Comparing kube-proxy modes: iptables or IPVS?
kube-proxy is a key component of any Kubernetes deployment. Its role is to load-balance traffic that is destined for services (via cluster IPs and node ports) to the correct backend pods. Kube-proxy can run in one of three modes, each implemented with different data plane technologies: userspace, iptables, or IPVS.
The userspace mode is very old, slow, and definitely not recommended! But how should you weigh up whether to go with iptables or IPVS mode? In this article, we’ll compare the two, measure how they perform in the context of a real microservice, and explain when you might want to choose one versus the other.
First, we’ll start with a bit of background on the two modes, then dive into the testing and results below…
Background: iptables proxy mode
iptables is a Linux kernel feature that was designed to be an efficient firewall with sufficient flexibility to handle a wide variety of common packet manipulation and filtering needs.
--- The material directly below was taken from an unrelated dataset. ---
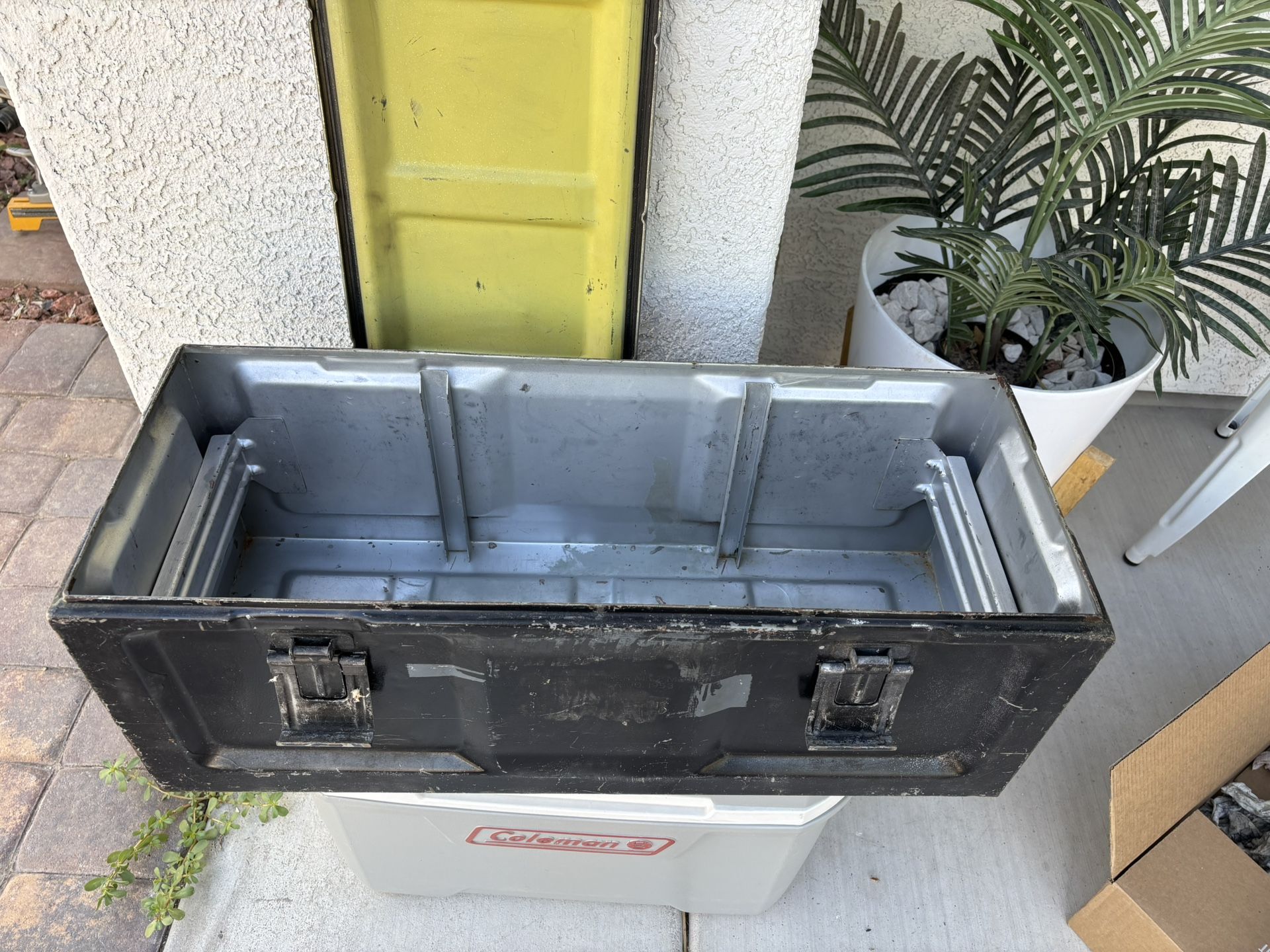 Ammo/grub Box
It allows flexible sequences of rules to be attached to various hooks in the kernel’s packet processing pipeline. In iptables mode, kube-proxy attaches rules to the “NAT pre-routing” hook to implement its NAT and load balancing functions. This works, it’s simple, it uses a mature kernel feature, and, it “plays nice” with other programs that also work with iptables for filtering (such as Calico!).
However, the way kube-proxy programs the iptables rules means that it is nominally an O(n) style algorithm, where n grows roughly in proportion to your cluster size (or more precisely the number of services and number of backend pods behind each service).
Background: IPVS proxy mode
IPVS is a Linux kernel feature that is specifically designed for load balancing. In IPVS mode, kube-proxy programs the IPVS load balancer instead of using iptables. This works, it also uses a mature kernel feature and IPVS is designed for load balancing lots of services; it has an optimized API and an optimized look-up routine rather than a list of sequential rules.
The result is that kube-proxy’s connection processing in IPVS mode has a nominal computational complexity of O(1). In other words, in most scenarios, its connection processing performance will stay constant independent of your cluster size.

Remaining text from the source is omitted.